>>>

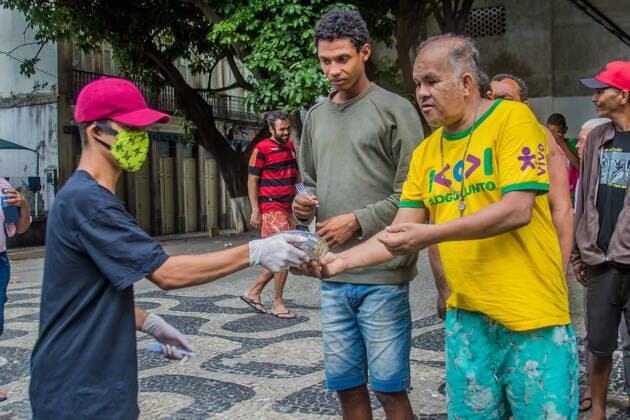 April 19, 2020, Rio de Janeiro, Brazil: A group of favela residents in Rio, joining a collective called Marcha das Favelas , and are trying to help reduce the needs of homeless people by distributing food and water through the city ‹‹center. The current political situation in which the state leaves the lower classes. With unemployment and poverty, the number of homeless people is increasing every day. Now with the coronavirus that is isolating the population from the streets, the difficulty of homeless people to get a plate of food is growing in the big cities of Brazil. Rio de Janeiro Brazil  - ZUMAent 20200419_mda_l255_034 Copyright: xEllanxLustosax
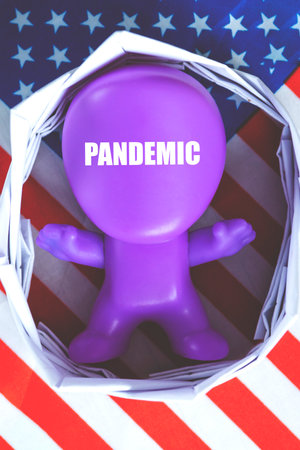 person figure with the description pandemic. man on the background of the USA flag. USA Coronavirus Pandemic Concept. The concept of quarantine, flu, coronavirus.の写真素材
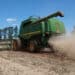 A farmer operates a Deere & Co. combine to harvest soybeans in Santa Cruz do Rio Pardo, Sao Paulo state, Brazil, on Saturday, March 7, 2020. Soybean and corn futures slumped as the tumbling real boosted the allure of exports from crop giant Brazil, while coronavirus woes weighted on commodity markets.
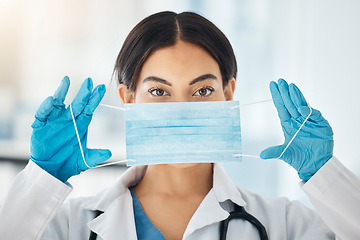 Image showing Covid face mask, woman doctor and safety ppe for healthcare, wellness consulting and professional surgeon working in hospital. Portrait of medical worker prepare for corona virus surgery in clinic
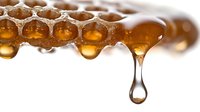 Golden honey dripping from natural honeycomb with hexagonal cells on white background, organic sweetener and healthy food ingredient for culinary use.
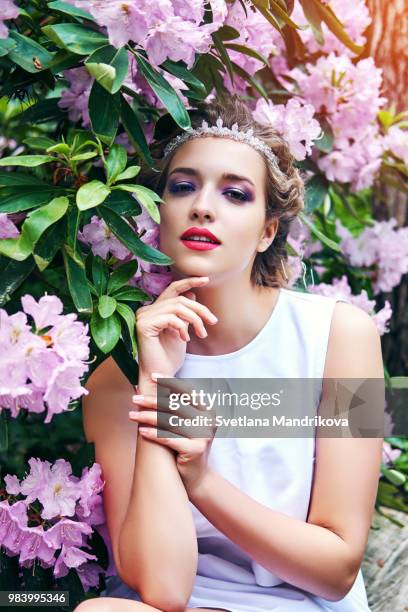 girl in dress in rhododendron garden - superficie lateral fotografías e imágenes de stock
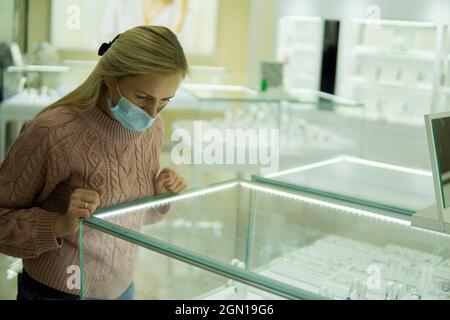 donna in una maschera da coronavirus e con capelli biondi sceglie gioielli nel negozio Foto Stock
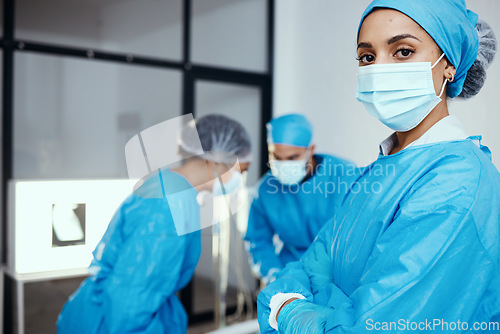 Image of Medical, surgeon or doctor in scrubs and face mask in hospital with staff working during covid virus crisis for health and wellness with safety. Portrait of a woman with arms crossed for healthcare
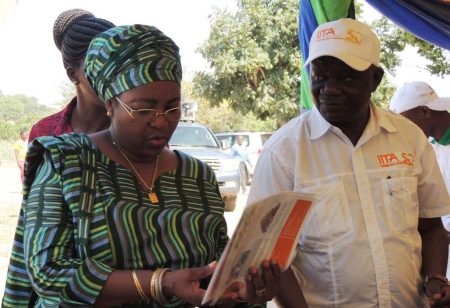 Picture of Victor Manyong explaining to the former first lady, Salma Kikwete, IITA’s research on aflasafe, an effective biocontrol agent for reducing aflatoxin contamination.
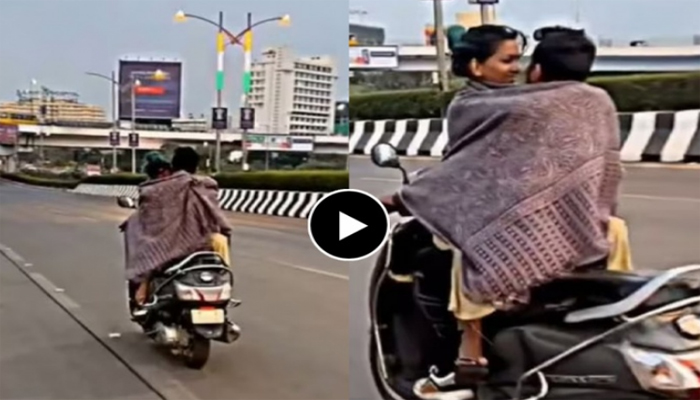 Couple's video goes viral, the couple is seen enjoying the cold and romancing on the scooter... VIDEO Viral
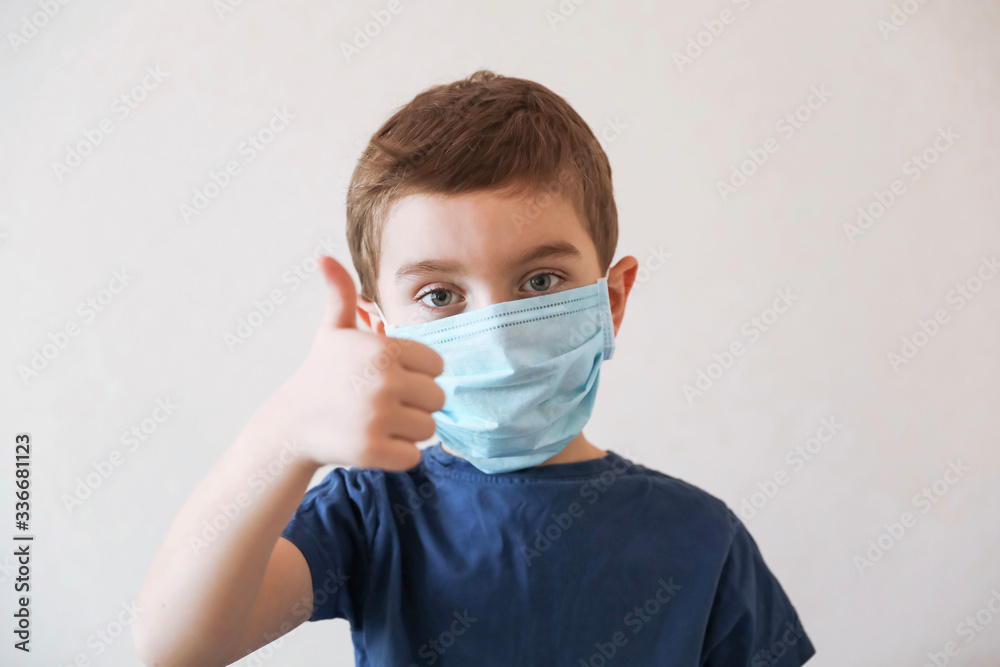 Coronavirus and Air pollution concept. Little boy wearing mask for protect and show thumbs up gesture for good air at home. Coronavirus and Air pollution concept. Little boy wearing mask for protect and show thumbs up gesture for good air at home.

<<<

TO DO: Each record above has to be written out again in full, but its pictures must not be.

ANSWER TO THE EXERCISE:
 April 19, 2020, Rio de Janeiro, Brazil: A group of favela residents in Rio, joining a collective called Marcha das Favelas , and are trying to help reduce the needs of homeless people by distributing food and water through the city ‹‹center. The current political situation in which the state leaves the lower classes. With unemployment and poverty, the number of homeless people is increasing every day. Now with the coronavirus that is isolating the population from the streets, the difficulty of homeless people to get a plate of food is growing in the big cities of Brazil. Rio de Janeiro Brazil  - ZUMAent 20200419_mda_l255_034 Copyright: xEllanxLustosax
 person figure with the description pandemic. man on the background of the USA flag. USA Coronavirus Pandemic Concept. The concept of quarantine, flu, coronavirus.の写真素材
 A farmer operates a Deere & Co. combine to harvest soybeans in Santa Cruz do Rio Pardo, Sao Paulo state, Brazil, on Saturday, March 7, 2020. Soybean and corn futures slumped as the tumbling real boosted the allure of exports from crop giant Brazil, while coronavirus woes weighted on commodity markets.
 Image showing Covid face mask, woman doctor and safety ppe for healthcare, wellness consulting and professional surgeon working in hospital. Portrait of medical worker prepare for corona virus surgery in clinic
 Golden honey dripping from natural honeycomb with hexagonal cells on white background, organic sweetener and healthy food ingredient for culinary use.
 girl in dress in rhododendron garden - superficie lateral fotografías e imágenes de stock
 donna in una maschera da coronavirus e con capelli biondi sceglie gioielli nel negozio Foto Stock
 Image of Medical, surgeon or doctor in scrubs and face mask in hospital with staff working during covid virus crisis for health and wellness with safety. Portrait of a woman with arms crossed for healthcare
 Picture of Victor Manyong explaining to the former first lady, Salma Kikwete, IITA’s research on aflasafe, an effective biocontrol agent for reducing aflatoxin contamination.
 Couple's video goes viral, the couple is seen enjoying the cold and romancing on the scooter... VIDEO Viral
 Coronavirus and Air pollution concept. Little boy wearing mask for protect and show thumbs up gesture for good air at home. Coronavirus and Air pollution concept. Little boy wearing mask for protect and show thumbs up gesture for good air at home.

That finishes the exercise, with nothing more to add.